Claire appears next to me, hugging herself against the cool night air. "How bad is it?"
"Can't tell. Need better light. Better tools."
"Can you fix it?"
"Maybe. Not here."
She pulls out her phone, the screen illuminating her face in the darkness. "I'll call a tow truck."
"Won't do any good tonight."
She looks at me. "What do you mean?"
"Casey's the only mechanic in town. His shop doesn't open until eight a.m. And he doesn't answer his phone after nine p.m."
I know this because I've called him before. Casey's a good mechanic but he keeps strict hours and he sleeps like the dead.

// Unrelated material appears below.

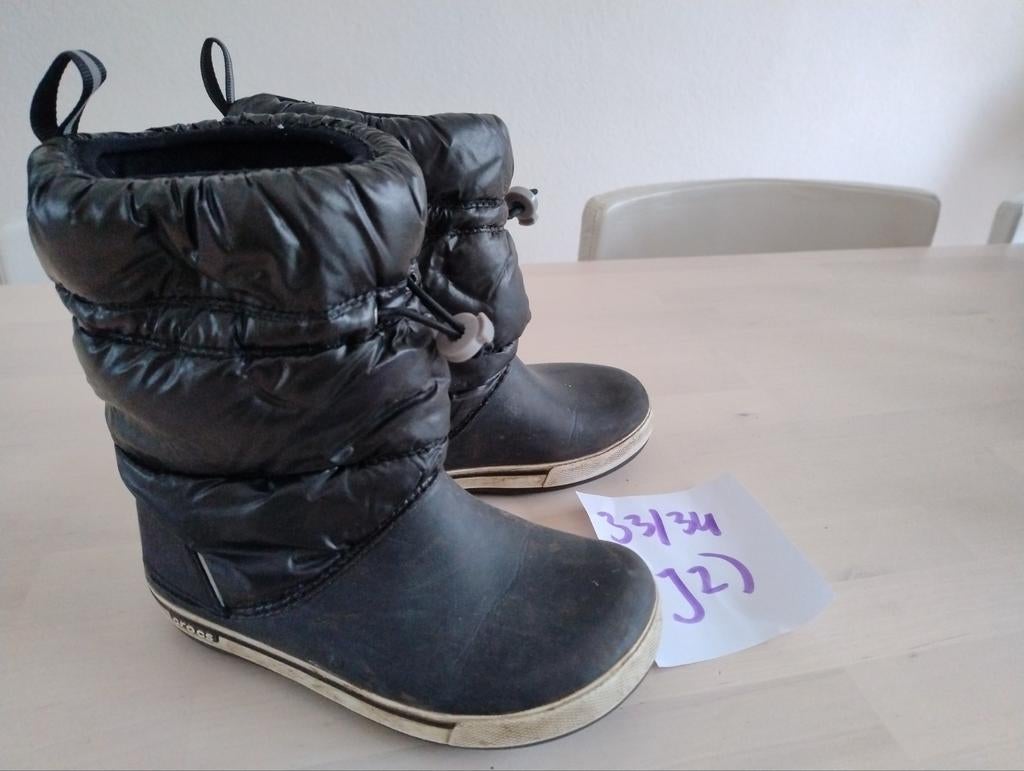 Zwarte Crocs sneeuwlaarzen/snowboots, maat 33/34 (J2), Ophalen of Verzenden, Gebruikt, Jongen of Meisje, Laarzen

"So, we're just... stuck here?" Claire asks, looking around at the dark road, the empty fields. "In the middle of nowhere?"
"We can call someone for a ride."
"Who? My parents are an hour away in the opposite direction and I am not calling them."
Fair.
"Friends?"
"I don't—" She stops, and I can see the admission costs her. "I don't really have anyone here yet. Not anyone I'd call at ten p.m. to rescue me from the side of the road."
Something about that hurts. The idea that she's been here for months and she's alone. No one to call. No one except—
I pull out my phone and scroll through my contacts. There aren't many. Tom from the community center. Casey, though he won't answer. A few other guys I've worked construction with.
I try Tom first. It rings six times before going to voicemail.
"Tom, it's Nash. Car broke down on Route 47. Give me a call if you get this."
I try the next number. Bill, who helped me with a roofing job last month. Straight to voicemail.
Then Rick. No answer.
Casey, knowing it's useless. Voicemail.
I lower the phone and Claire is watching me with wide eyes.
"No one?" she asks quietly.
"Everyone's either asleep or not answering."
"So, we're really stuck here."
I look around. Dark road. Empty fields. No houses in sight, no lights except the stars. We're at least two miles from the nearest building, probably more.
"We could walk," I say, though the thought of her walking two miles in heels and that dress makes something protective flare in my chest.
"In the dark? On this road?" She shakes her head. "That seems like a good way to get hit by a truck."
She's right.
"We could wait in the car," I say. "Until morning. Call Casey when he opens at eight. Tell him it’s an emergency"
Claire looks at the car, then at me, then back at the car.
"You mean... spend the night here? In the car?"
"Unless you want to call your parents."
"I'd rather sleep on the side of the road," she says immediately.
Despite everything, I almost smile.
"Car it is, then."
She hugs herself tighter, and I realize she's shivering. The dress she's wearing is thin, meant for fancy restaurants with climate control, not standing on the side of a dark road for the next eight hours.
I shrug off my button-up shirt before I can think better of it, leaving me in just the white undershirt beneath.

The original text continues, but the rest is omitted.